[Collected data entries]
════════════════════
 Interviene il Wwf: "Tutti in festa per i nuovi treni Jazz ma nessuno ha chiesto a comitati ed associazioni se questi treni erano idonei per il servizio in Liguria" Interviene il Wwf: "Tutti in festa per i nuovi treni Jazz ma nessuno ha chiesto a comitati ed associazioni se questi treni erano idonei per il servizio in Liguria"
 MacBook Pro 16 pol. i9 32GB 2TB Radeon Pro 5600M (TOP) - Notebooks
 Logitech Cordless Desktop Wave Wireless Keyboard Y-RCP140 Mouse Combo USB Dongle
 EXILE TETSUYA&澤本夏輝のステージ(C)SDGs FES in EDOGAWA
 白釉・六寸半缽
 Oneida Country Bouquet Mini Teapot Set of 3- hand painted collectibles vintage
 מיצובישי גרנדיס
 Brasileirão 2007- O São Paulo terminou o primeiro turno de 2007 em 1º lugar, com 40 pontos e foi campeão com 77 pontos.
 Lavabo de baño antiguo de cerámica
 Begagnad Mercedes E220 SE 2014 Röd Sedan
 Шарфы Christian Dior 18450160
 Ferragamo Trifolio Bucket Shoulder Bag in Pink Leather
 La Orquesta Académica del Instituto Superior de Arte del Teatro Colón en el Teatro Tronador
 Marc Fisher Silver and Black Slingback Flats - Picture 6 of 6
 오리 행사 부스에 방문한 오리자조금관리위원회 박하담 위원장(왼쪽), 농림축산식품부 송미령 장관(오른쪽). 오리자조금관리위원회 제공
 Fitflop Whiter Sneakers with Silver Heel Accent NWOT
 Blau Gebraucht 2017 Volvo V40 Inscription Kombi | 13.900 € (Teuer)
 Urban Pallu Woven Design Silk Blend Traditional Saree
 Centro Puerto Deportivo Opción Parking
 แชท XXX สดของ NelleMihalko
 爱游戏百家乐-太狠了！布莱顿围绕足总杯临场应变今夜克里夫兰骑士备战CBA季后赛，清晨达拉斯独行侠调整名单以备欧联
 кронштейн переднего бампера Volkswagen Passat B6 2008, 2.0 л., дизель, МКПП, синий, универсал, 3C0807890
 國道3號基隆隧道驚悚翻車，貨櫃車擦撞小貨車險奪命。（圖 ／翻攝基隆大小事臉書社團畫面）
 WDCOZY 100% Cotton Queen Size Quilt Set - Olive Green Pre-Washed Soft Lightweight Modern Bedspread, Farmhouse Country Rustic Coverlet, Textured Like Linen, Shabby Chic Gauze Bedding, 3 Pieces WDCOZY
════════════════════
Exercise goal
Your task is to copy every entry above, exactly as written.

Result for this exercise
 Interviene il Wwf: "Tutti in festa per i nuovi treni Jazz ma nessuno ha chiesto a comitati ed associazioni se questi treni erano idonei per il servizio in Liguria" Interviene il Wwf: "Tutti in festa per i nuovi treni Jazz ma nessuno ha chiesto a comitati ed associazioni se questi treni erano idonei per il servizio in Liguria"
 MacBook Pro 16 pol. i9 32GB 2TB Radeon Pro 5600M (TOP) - Notebooks
 Logitech Cordless Desktop Wave Wireless Keyboard Y-RCP140 Mouse Combo USB Dongle
 EXILE TETSUYA&澤本夏輝のステージ(C)SDGs FES in EDOGAWA
 白釉・六寸半缽
 Oneida Country Bouquet Mini Teapot Set of 3- hand painted collectibles vintage
 מיצובישי גרנדיס
 Brasileirão 2007- O São Paulo terminou o primeiro turno de 2007 em 1º lugar, com 40 pontos e foi campeão com 77 pontos.
 Lavabo de baño antiguo de cerámica
 Begagnad Mercedes E220 SE 2014 Röd Sedan
 Шарфы Christian Dior 18450160
 Ferragamo Trifolio Bucket Shoulder Bag in Pink Leather
 La Orquesta Académica del Instituto Superior de Arte del Teatro Colón en el Teatro Tronador
 Marc Fisher Silver and Black Slingback Flats - Picture 6 of 6
 오리 행사 부스에 방문한 오리자조금관리위원회 박하담 위원장(왼쪽), 농림축산식품부 송미령 장관(오른쪽). 오리자조금관리위원회 제공
 Fitflop Whiter Sneakers with Silver Heel Accent NWOT
 Blau Gebraucht 2017 Volvo V40 Inscription Kombi | 13.900 € (Teuer)
 Urban Pallu Woven Design Silk Blend Traditional Saree
 Centro Puerto Deportivo Opción Parking
 แชท XXX สดของ NelleMihalko
 爱游戏百家乐-太狠了！布莱顿围绕足总杯临场应变今夜克里夫兰骑士备战CBA季后赛，清晨达拉斯独行侠调整名单以备欧联
 кронштейн переднего бампера Volkswagen Passat B6 2008, 2.0 л., дизель, МКПП, синий, универсал, 3C0807890
 國道3號基隆隧道驚悚翻車，貨櫃車擦撞小貨車險奪命。（圖 ／翻攝基隆大小事臉書社團畫面）
 WDCOZY 100% Cotton Queen Size Quilt Set - Olive Green Pre-Washed Soft Lightweight Modern Bedspread, Farmhouse Country Rustic Coverlet, Textured Like Linen, Shabby Chic Gauze Bedding, 3 Pieces WDCOZY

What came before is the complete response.